Tat yok bu hayatta, hiç bişey neşelendirmiyor. Hayatın acıları, kavrulmuş leblebiye çevirdi beni. Kendimi, beş para etmeyen adam gibi hissediyorum. Zeminim iyice sıvılaştı, ayakta sallanıyorum. Çalgısız çengisiz aklımı oynatmak istiyorum, beceremiyorum. Çünkü... Her akşam, bir yetkili televizyona çıkıyor. Bana bakarak, “Maşallahın var, ağlayıp zırlama” diyor. Bir insana kırk kere deli denirse, deli olurmuş. Onlar “Maşallah” dedikçe, çok şükür kendimi daha iyi hissediyorum. Beni üzen şey, program bitince maşallahın etkisinin kaybolması. Düşüne düşüne onun da çaresini buldum. Aynanın karşısına geçip, “Maşallahın var, ağlayıp zırlama” diyorum. Hatta, bir cümle de ben ekliyorum. “Güzel günler yolda sık dişini...” Haliyle, hamamdan çıkmış gibi rahatlıyorum...

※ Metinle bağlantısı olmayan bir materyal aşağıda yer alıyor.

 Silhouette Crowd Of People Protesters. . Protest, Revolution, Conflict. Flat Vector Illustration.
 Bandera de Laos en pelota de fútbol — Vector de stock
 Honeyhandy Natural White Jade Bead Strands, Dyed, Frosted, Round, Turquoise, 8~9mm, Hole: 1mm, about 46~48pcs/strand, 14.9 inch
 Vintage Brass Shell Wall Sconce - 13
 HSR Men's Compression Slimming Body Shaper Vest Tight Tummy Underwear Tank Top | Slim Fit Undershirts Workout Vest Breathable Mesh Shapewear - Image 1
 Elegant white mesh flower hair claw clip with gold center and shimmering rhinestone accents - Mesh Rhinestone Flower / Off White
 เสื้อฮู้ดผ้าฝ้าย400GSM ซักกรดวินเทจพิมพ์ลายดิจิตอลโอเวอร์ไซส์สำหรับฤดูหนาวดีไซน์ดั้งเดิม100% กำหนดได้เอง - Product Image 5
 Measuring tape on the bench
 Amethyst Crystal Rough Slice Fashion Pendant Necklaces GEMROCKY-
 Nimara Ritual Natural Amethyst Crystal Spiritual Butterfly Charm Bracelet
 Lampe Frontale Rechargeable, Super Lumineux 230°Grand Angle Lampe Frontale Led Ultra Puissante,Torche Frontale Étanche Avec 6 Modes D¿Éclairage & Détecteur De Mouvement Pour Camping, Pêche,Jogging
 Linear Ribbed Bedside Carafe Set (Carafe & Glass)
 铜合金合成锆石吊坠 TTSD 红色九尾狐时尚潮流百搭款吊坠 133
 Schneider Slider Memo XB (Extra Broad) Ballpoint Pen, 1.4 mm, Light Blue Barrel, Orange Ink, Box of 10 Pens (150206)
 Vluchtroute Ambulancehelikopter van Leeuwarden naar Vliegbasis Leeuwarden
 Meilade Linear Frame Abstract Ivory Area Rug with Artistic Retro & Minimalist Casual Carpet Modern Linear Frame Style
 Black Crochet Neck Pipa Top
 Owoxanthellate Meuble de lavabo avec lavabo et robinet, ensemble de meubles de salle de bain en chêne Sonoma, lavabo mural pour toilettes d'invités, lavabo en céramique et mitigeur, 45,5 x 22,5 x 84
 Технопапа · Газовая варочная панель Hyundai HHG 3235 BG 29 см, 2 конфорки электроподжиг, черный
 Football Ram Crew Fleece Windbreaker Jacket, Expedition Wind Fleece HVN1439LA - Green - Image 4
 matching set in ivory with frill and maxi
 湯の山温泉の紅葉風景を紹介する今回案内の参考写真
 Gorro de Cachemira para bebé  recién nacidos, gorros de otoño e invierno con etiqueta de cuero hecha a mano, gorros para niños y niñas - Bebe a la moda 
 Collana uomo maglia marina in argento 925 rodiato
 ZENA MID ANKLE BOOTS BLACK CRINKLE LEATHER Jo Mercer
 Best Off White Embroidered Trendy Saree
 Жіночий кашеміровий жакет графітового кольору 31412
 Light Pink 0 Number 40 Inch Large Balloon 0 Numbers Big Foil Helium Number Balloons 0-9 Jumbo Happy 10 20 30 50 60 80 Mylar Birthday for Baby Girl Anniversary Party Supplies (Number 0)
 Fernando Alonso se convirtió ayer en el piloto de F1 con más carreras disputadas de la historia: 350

Nereden aklıma geldi, gelmez olaydı... Geçen gün, iki yıldır et yemediğimi hatırlattım kendime. O sırada bir yetkili televizyonda konuşuyormuş, duymuş. “Yalancı, iki yılda iki kurban bayramı var! Mutlaka birisi et getirmiştir” demesin mi? Utancımdan yerin dibine girdim. Fırçayı yiyince aklımdaki soruyu da soramadım. “Sütsüz peynir, arısız bal, etsiz sucuk yapan bir milletiz. Neden sefalet endeksinde yükseklerdeyiz?” sorusu bir ukde olarak kaldı içimde. Bütün gün iş aradığıma bakmayın, utancımdan işe ihtiyacım yokmuş gibi davranıyorum. İşi kim kaybetmiş ki, ben bulayım? “Spor yaptım işte, fena mı oldu...” diyerek kendimi avutuyorum. Ayrıca, yardım paketimi patlatmadan adresime ulaştıran görevlilere teşekkür ediyorum. Günde üç kere aldığım ilaç gibi, hep aynı cümleyi mırıldanıyorum. “Maşallahın var, ağlayıp zırlama...” Sonra ekliyorum: “Güzel günler yolda sık dişini.” İyi güzel de, saçlarıma aklar düştü. Nerede bu güzel günler? Güzel günler trafiğe takıldı belki de!